EXERCISE DETAILS »
Would you repeat the listing below exactly, with no pictures in it?

PROVIDED INFORMATION »
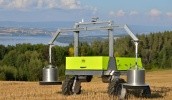 Внешне Adigo Field Flux Robot напоминает коромысло, он опускает алюминиевые блоки на землю и проводит анализ почвы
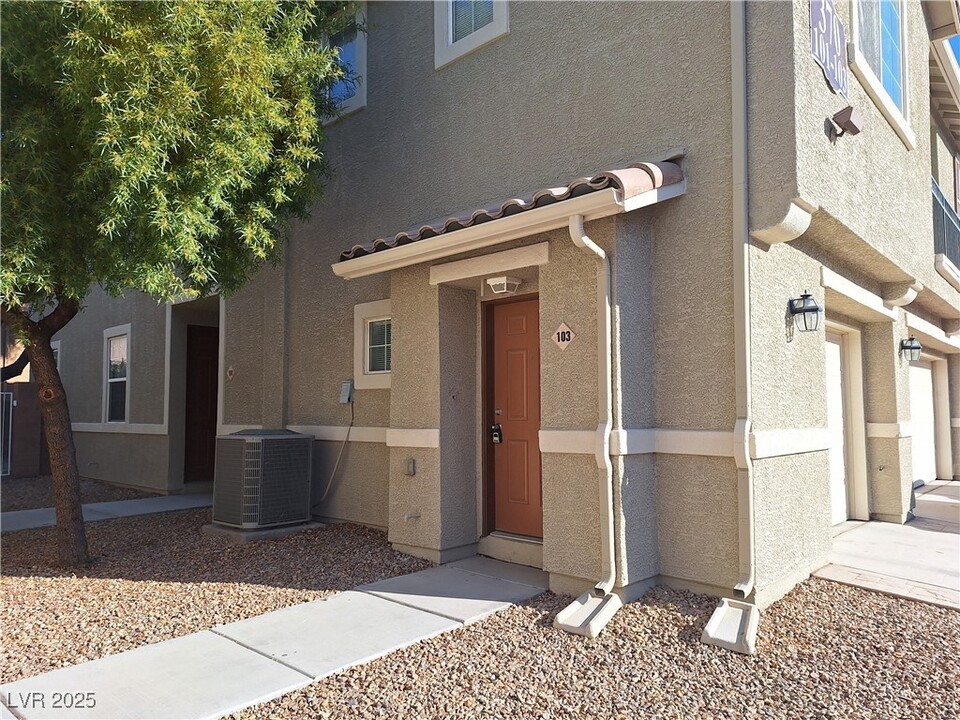 370 Kensington Palace Ave in North Las Vegas, NV - Building Photo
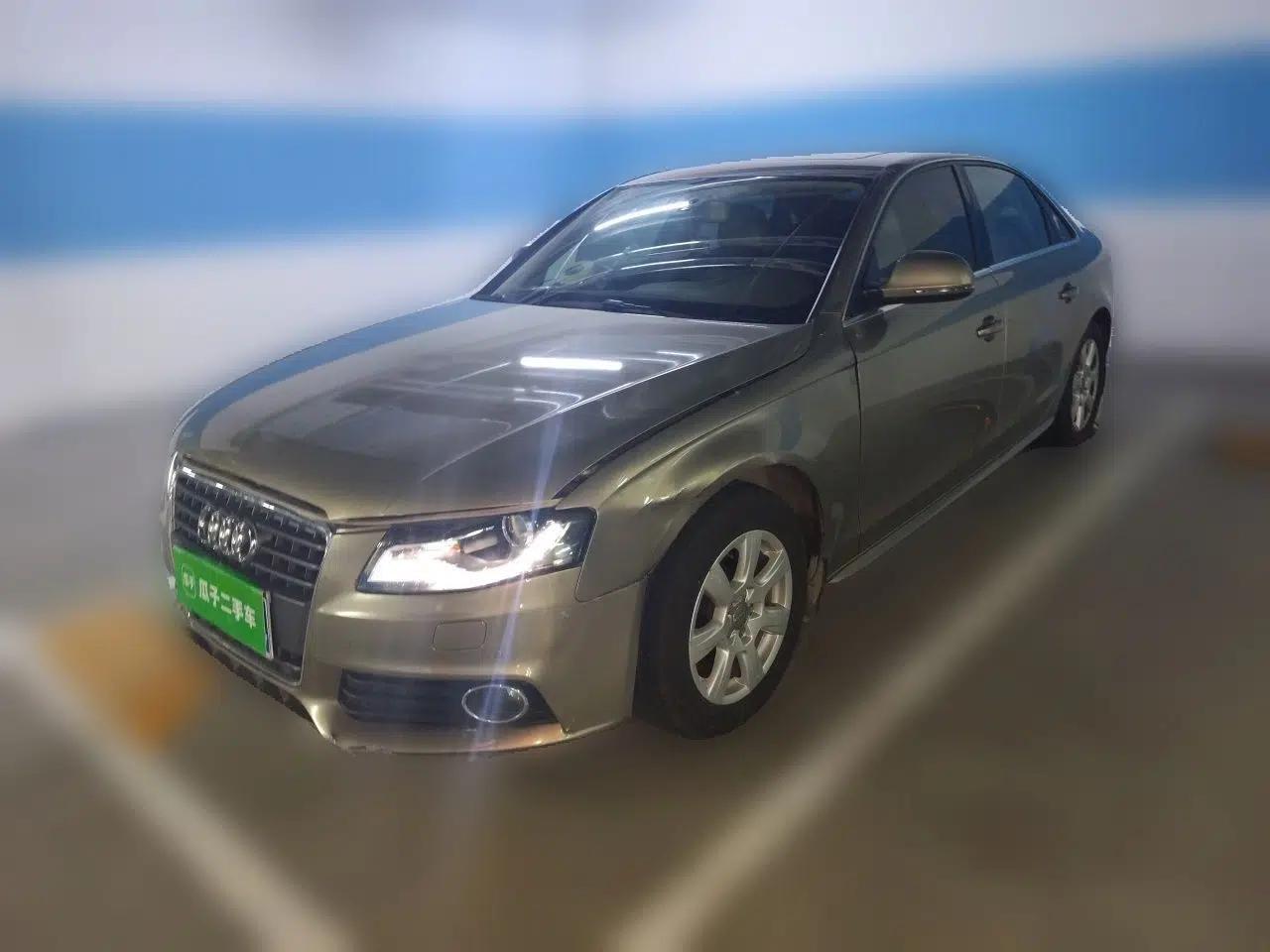 Audi A4L 2012 2.0 TFSI automatic standard version — миниатюра 1
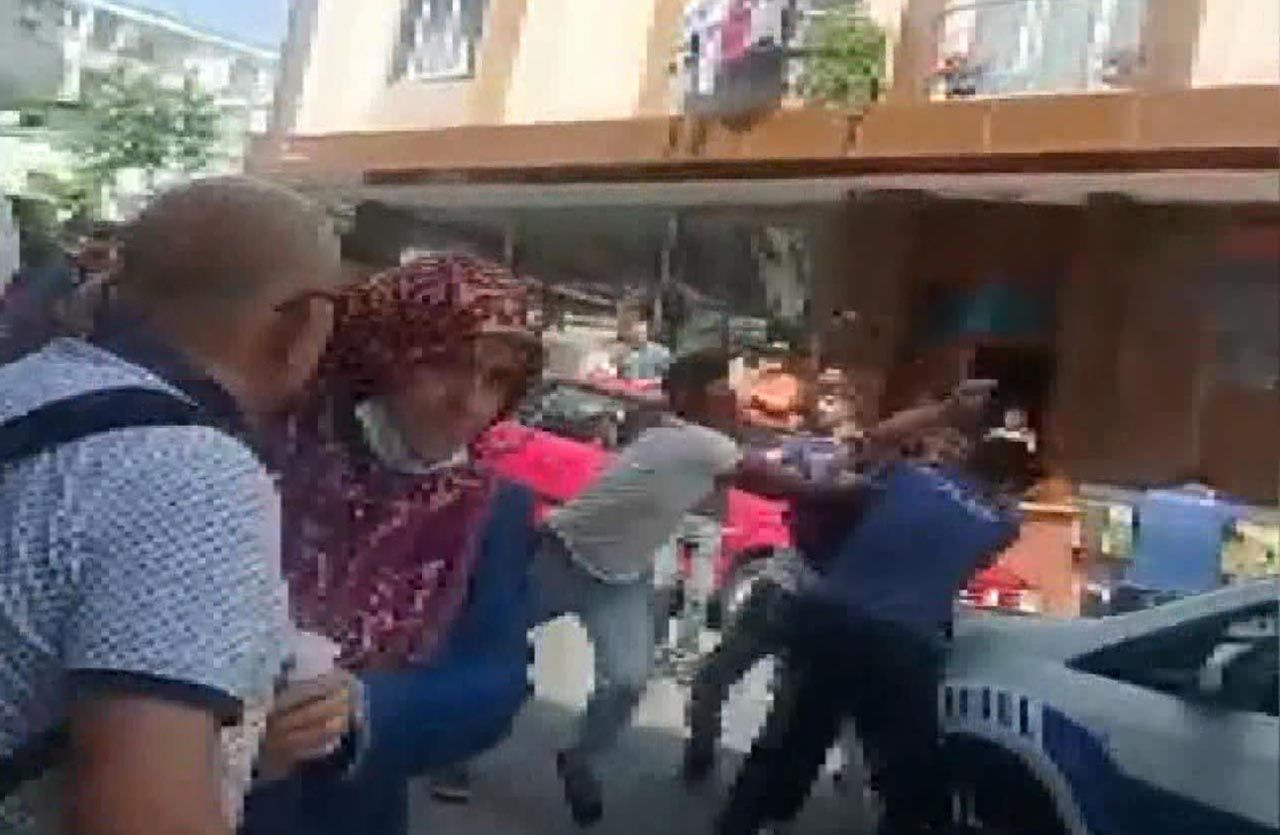 Sokak düğününde ortalık savaş alanına döndü! Polise yumruk attılar - Resim: 3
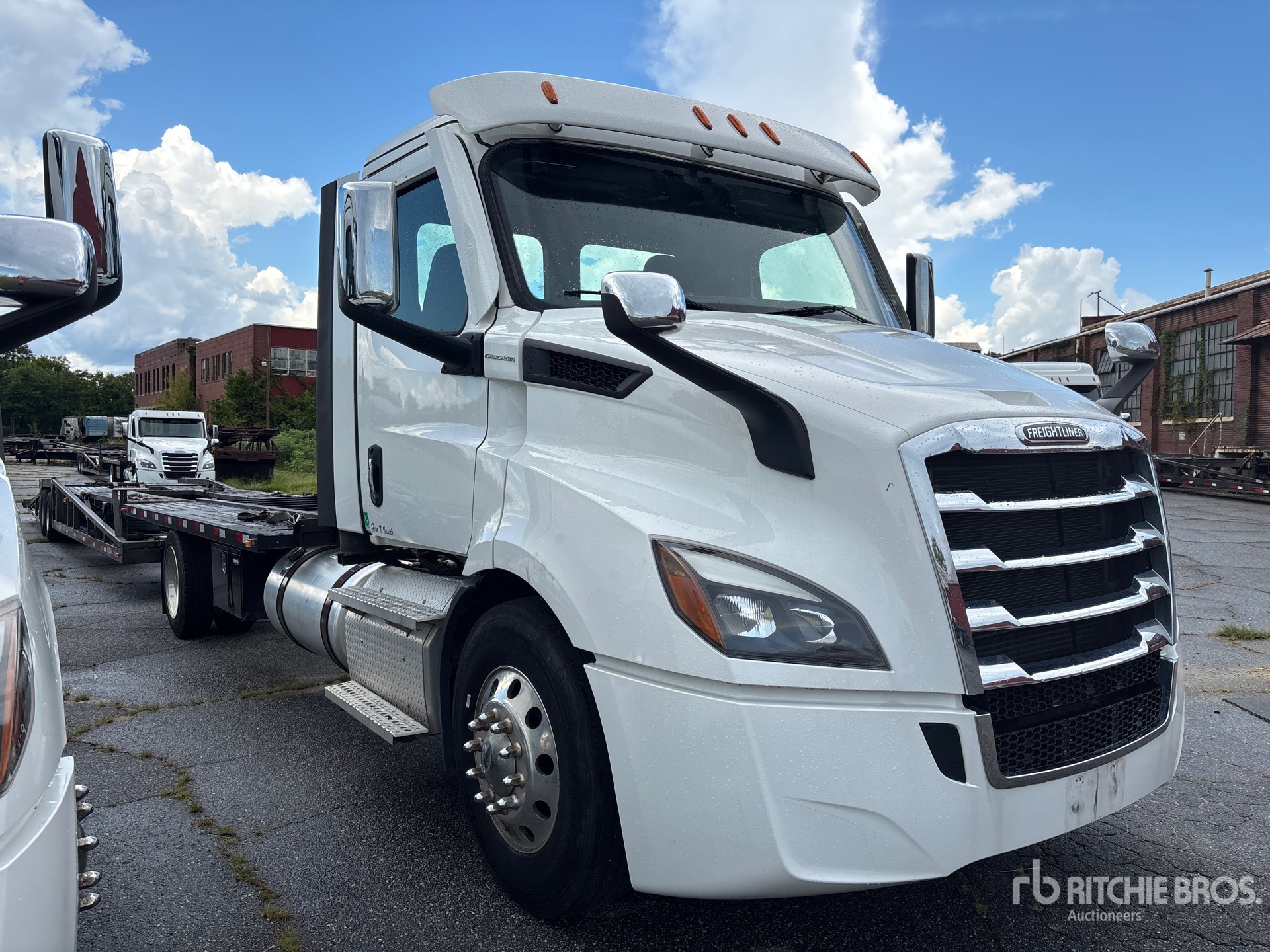 2024 Freightliner CASCADIA 116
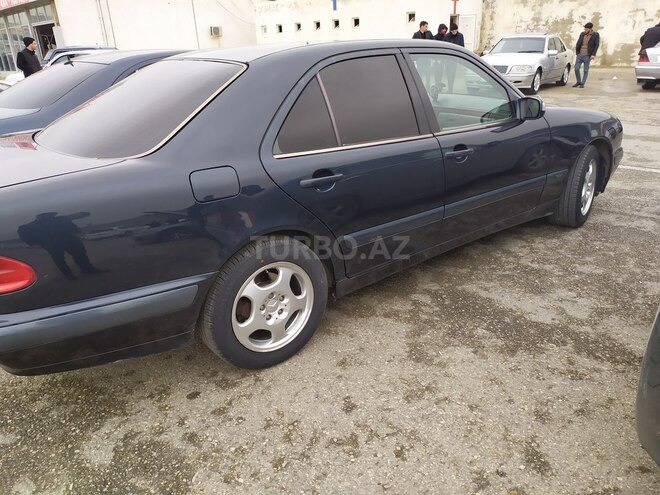 Mercedes E 220 2000, 310,000 km - 2.2 л - Bakı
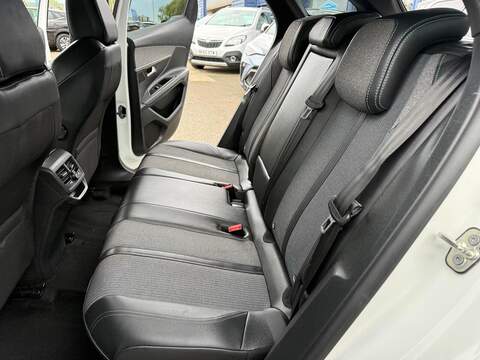 Peugeot 3008 1.2 PureTech Allure Premium + EAT Euro 6 (s/s) 5dr - U80213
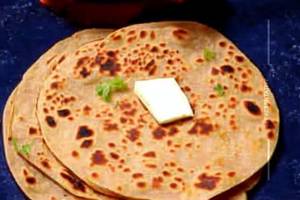 Chesse chilli paratha
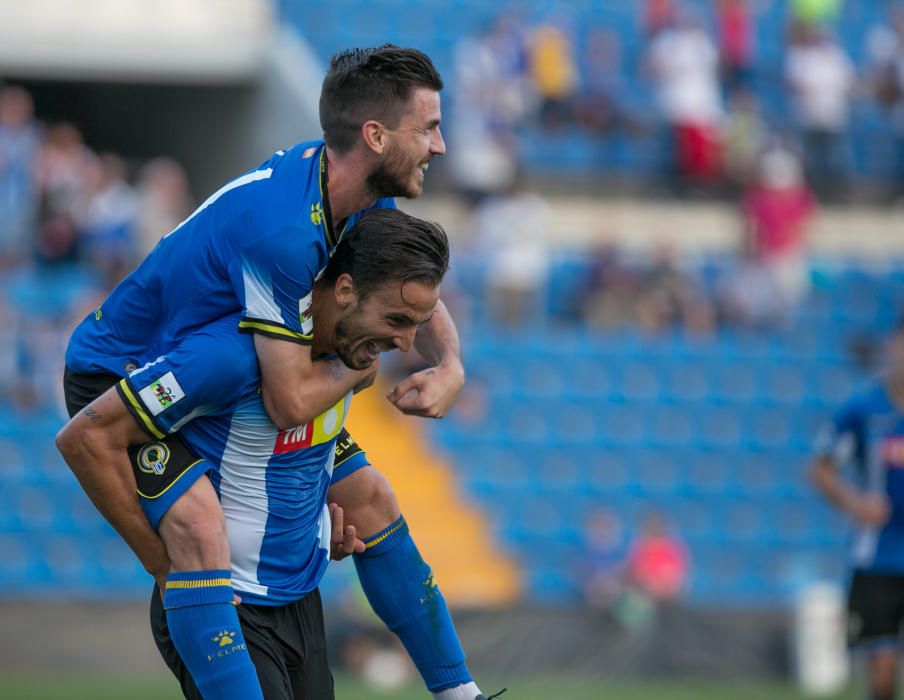 El Hércules despide al técnico argentino tras ganar por 3-2 al Peralada con mucho sufrimiento.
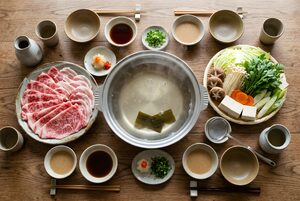 昆布だしのしゃぶしゃぶと薄切り肉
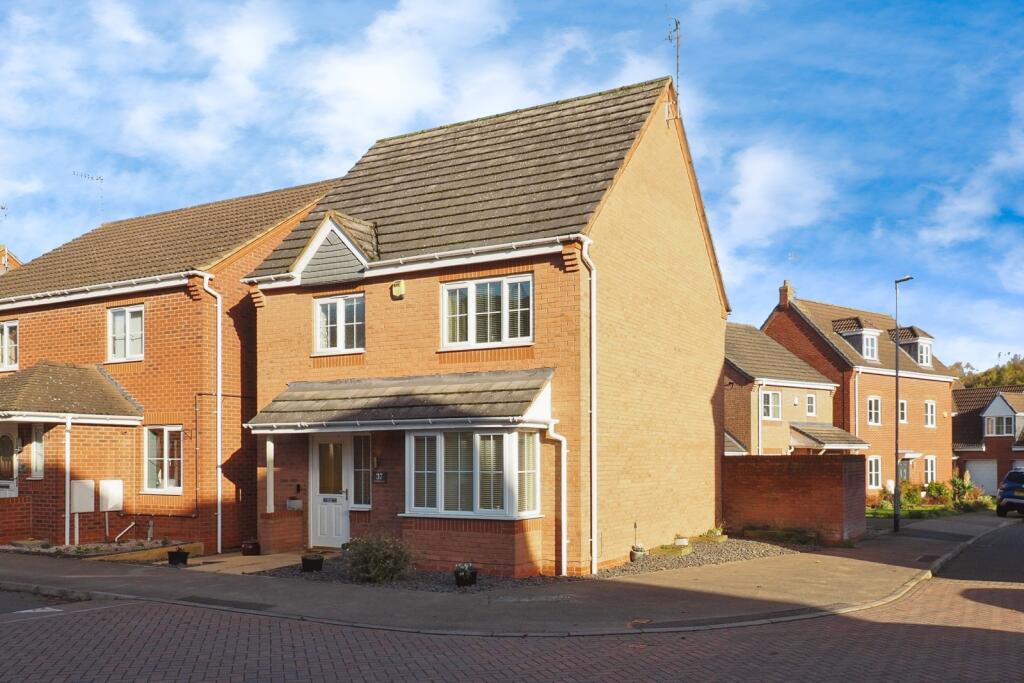 Main image of property: Burberry Avenue, Hucknall, Nottingham, Nottinghamshire, NG15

ANSWER TO THIS TASK »
 Внешне Adigo Field Flux Robot напоминает коромысло, он опускает алюминиевые блоки на землю и проводит анализ почвы
 370 Kensington Palace Ave in North Las Vegas, NV - Building Photo
 Audi A4L 2012 2.0 TFSI automatic standard version — миниатюра 1
 Sokak düğününde ortalık savaş alanına döndü! Polise yumruk attılar - Resim: 3
 2024 Freightliner CASCADIA 116
 Mercedes E 220 2000, 310,000 km - 2.2 л - Bakı
 Peugeot 3008 1.2 PureTech Allure Premium + EAT Euro 6 (s/s) 5dr - U80213
 Chesse chilli paratha
 El Hércules despide al técnico argentino tras ganar por 3-2 al Peralada con mucho sufrimiento.
 昆布だしのしゃぶしゃぶと薄切り肉
 Main image of property: Burberry Avenue, Hucknall, Nottingham, Nottinghamshire, NG15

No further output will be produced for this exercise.